The wide use of the term "intelligentsia" in Russian culture began in the 1860s, when Boborykin first used it in the press. He explained that the term was borrowed from German culture, where it was used to describe the part of society which is engaged in intellectual activity. He added a special meaning to the term: the definition of intellectuals as representatives of "high intellectual and ethical culture," and not simply "knowledge workers". In his view, the Russian intelligentsia was a special moral and ethical phenomenon. Intellectuals in this sense were representatives of different professional groups, different political beliefs, but with a common spiritual and moral foundation. The use of the term "intelligentsia" in this sense was regarded as purely Russian by westerners.

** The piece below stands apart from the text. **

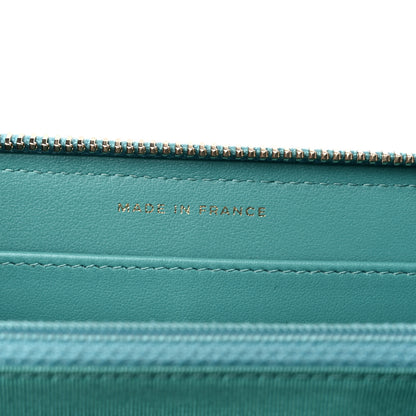 Chanel Caviar Chevron Large Gusset Zip Around Wallet Turquoise 7 of 9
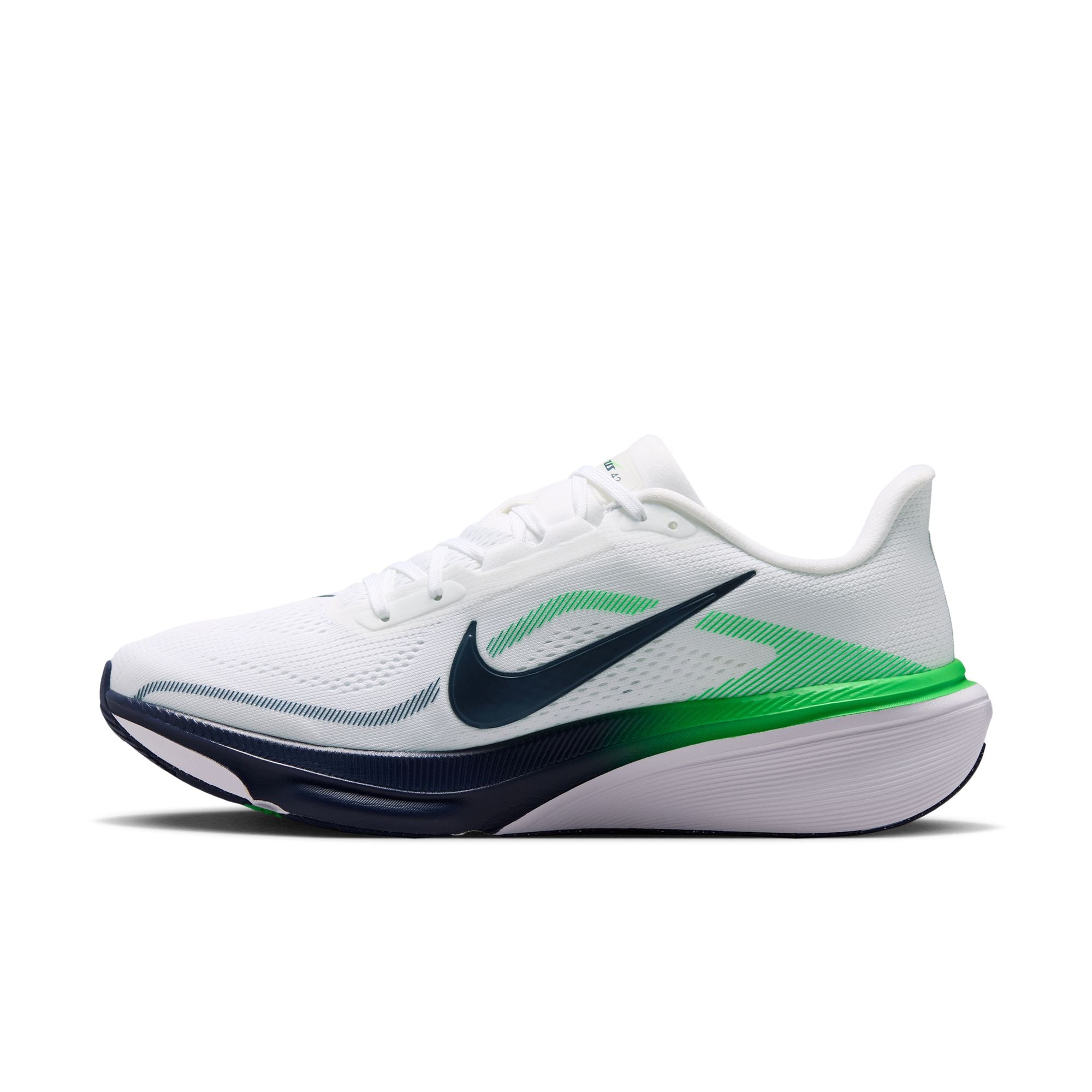 NIKE Pegasus 42 (Men's) WHITE/MIDNIGHT NAVY-GREEN SPARK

The novel Kitay-Gorod was one of Boborykin's most famous works. It was originally conceived as a study on the life and mores of the inhabitants of Kitay-gorod. This work is interesting not only from an artistic, but also from a historical point of view. In the novel, he describes with almost scientific precision the details of merchant life; culinary preferences, daily duties, and the customs of merchants and nobles against the backdrop of anticipated social and political change. His main task is the treatment of the historical role of Moscow in the last third of the nineteenth century.